# AC Pipe Condensation



## mjc1234 (Jun 29, 2008)

Hello - hopefully this is a quick question for all you A/C experts.  Just had a new A/C unit installed (Goodman 3.5 Ton 14 SEER) and noticed what looks like a lot of condensation on the outside pipes coming from the condenser.  Doesn't look like it is leaking; but there is puddling underneath the area of pipe that is uninsulated.  So my questions are:

1.  How much condensation should I expect especially in hot weather (it's been pushing 90+ over the last few days)?
2.  If the amount of condensation is okay; is there any problem with the puddling occuring below the pipes which is getting to the underside of the new condensor?
3.  If the amount of condensation is not normal; is there anything I can do as a quick fix without calling the service guy back (for example; insulate the rest of pipe that is exposed back to the condensor - would that cut down on the problem?)
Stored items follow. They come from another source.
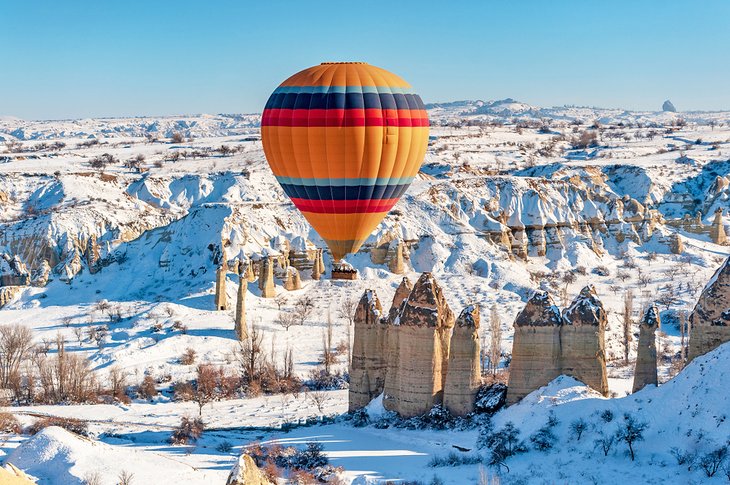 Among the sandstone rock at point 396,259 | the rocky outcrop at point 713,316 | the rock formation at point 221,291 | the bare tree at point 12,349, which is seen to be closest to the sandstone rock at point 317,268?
the sandstone rock at point 396,259

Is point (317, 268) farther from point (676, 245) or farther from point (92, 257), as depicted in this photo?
point (676, 245)

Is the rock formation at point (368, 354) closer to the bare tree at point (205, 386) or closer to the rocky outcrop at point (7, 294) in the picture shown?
the bare tree at point (205, 386)

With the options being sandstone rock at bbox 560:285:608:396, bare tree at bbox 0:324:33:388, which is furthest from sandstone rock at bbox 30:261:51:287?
sandstone rock at bbox 560:285:608:396

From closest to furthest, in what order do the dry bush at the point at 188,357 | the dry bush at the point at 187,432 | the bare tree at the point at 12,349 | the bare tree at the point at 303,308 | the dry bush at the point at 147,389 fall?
the dry bush at the point at 187,432, the dry bush at the point at 147,389, the bare tree at the point at 12,349, the dry bush at the point at 188,357, the bare tree at the point at 303,308

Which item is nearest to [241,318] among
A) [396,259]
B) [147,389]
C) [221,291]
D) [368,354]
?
[221,291]

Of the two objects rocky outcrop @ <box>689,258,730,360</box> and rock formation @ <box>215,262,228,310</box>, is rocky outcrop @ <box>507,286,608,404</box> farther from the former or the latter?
rock formation @ <box>215,262,228,310</box> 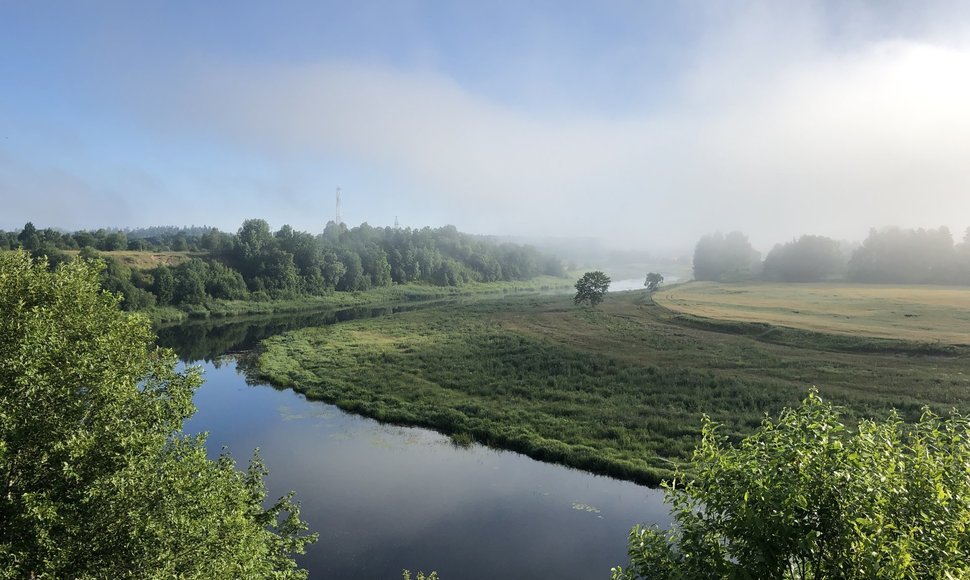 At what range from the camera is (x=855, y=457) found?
344 inches

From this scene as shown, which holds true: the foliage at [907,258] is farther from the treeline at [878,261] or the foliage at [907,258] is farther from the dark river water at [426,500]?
the dark river water at [426,500]

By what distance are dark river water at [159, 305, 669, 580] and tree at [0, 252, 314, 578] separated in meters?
9.22

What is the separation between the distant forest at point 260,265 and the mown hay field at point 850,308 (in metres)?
78.5

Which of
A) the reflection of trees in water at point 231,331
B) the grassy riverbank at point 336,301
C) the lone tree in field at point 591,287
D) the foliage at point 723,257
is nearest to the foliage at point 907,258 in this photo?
the foliage at point 723,257

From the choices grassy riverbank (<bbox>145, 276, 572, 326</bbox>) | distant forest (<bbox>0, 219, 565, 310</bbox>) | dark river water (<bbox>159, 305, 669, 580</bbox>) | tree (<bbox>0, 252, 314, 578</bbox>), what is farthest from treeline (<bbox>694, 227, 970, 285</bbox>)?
tree (<bbox>0, 252, 314, 578</bbox>)

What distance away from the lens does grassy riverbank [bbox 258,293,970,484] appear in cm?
3322

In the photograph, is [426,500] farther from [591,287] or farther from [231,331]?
[591,287]

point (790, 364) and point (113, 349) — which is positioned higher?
point (113, 349)

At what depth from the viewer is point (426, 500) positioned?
1014 inches

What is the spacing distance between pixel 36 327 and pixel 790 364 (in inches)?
2107

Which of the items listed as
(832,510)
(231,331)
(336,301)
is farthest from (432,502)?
(336,301)

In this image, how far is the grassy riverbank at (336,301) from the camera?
3656 inches

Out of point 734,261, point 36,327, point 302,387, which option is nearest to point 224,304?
point 302,387

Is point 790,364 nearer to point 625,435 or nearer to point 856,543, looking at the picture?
point 625,435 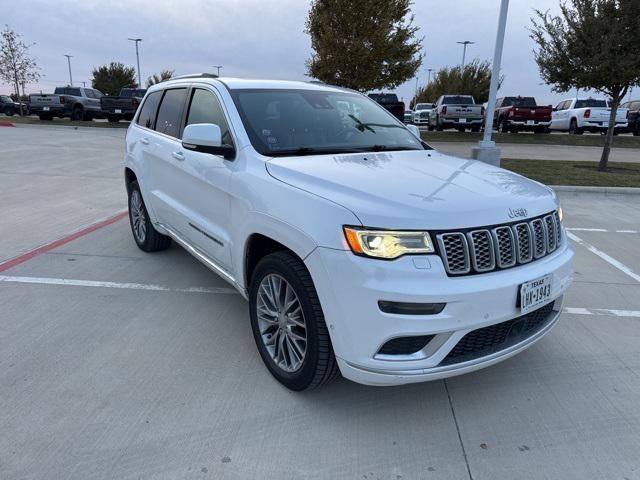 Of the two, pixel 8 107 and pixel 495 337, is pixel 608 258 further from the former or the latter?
pixel 8 107

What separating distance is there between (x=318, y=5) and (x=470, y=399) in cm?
2013

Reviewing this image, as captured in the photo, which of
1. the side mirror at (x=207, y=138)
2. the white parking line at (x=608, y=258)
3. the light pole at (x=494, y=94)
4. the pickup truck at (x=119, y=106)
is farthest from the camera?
the pickup truck at (x=119, y=106)

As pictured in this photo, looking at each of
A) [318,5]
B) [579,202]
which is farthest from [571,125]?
[579,202]

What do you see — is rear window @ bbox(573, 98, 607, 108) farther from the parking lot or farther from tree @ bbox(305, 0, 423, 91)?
the parking lot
System seems to be working fine; house is cool and all.  Just wondering about the "normal" amount of condensation.

Thanks,

Mike


----------



## glennjanie (Jun 29, 2008)

Welcome Mike:
The condensation is normal and natural. You could set the condensing unit up on a 1/2" rubber pad at each corner, just to keep the condensation from rusting it out.
Glenn


----------